Fundamentally we are very optimistic about Sri Lanka, says IMF’s Resident Representative Koshy Mathai.
The IMF’s Resident Representative dismissed the popular assertion that the economy was overheated. “On a traditional assessment this could appear so but we haven’t seen high inflation, property or labour prices. With regard to credit-fuelled imports certainly the risk was evident. But the economy isn’t overheated,” the IMF Resident Rep opined.
“However in recent months and weeks the Government and the Central Bank have taken numerous decisive steps to address the Balance of Payments issues. I would say these are positive steps in the right direction so that high growth levels experienced during the past two years could be sustained over the medium to long-term,” he added.
Mathai noted that though there is room for an emerging market to have high current account deficit it was important to pursue a prudent policy mix especially taking in to account both global and local shocks.
The IMF on April 2nd completed its seventh review on Sri Lanka's economic performance under the US$ 2.6 billion Stand-By Agreement (SBA) and approved the immediate disbursement of an amount equivalent to US$ 426.8 million.
Following the Executive Board's discussion on Sri Lanka, Mr.

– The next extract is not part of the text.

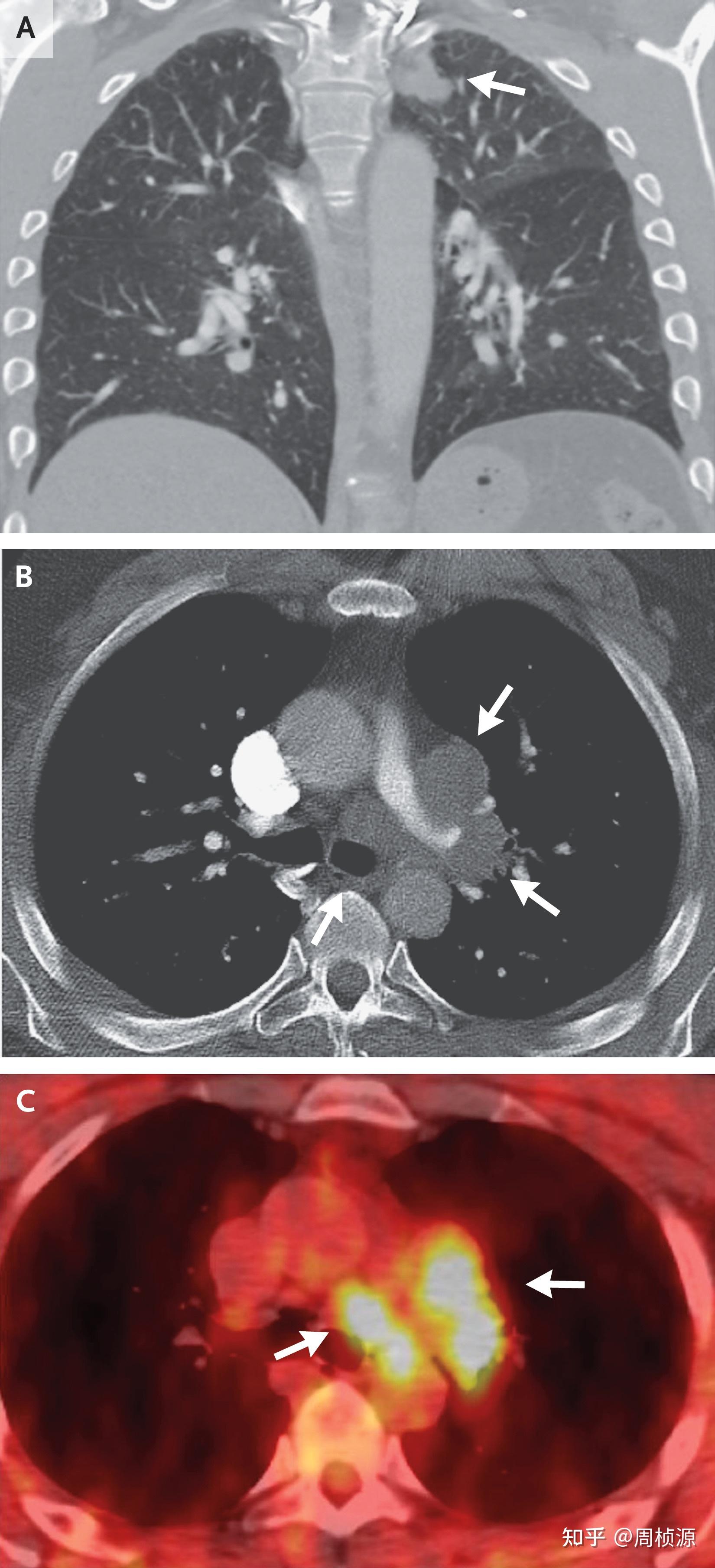 nejm-2023-case-1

Min Zhu, Deputy Managing Director and Acting Chair, said that while Sri Lanka's strong economic recovery continued last year and inflation remained low in single digit levels, a combination of rapid credit growth and a tightly managed exchange rate caused the external current account deficit to widen and external reserves to fall sharply.
As a result of higher oil prices, the state energy enterprises also continued to run significant losses, the Deputy Managing Director noted.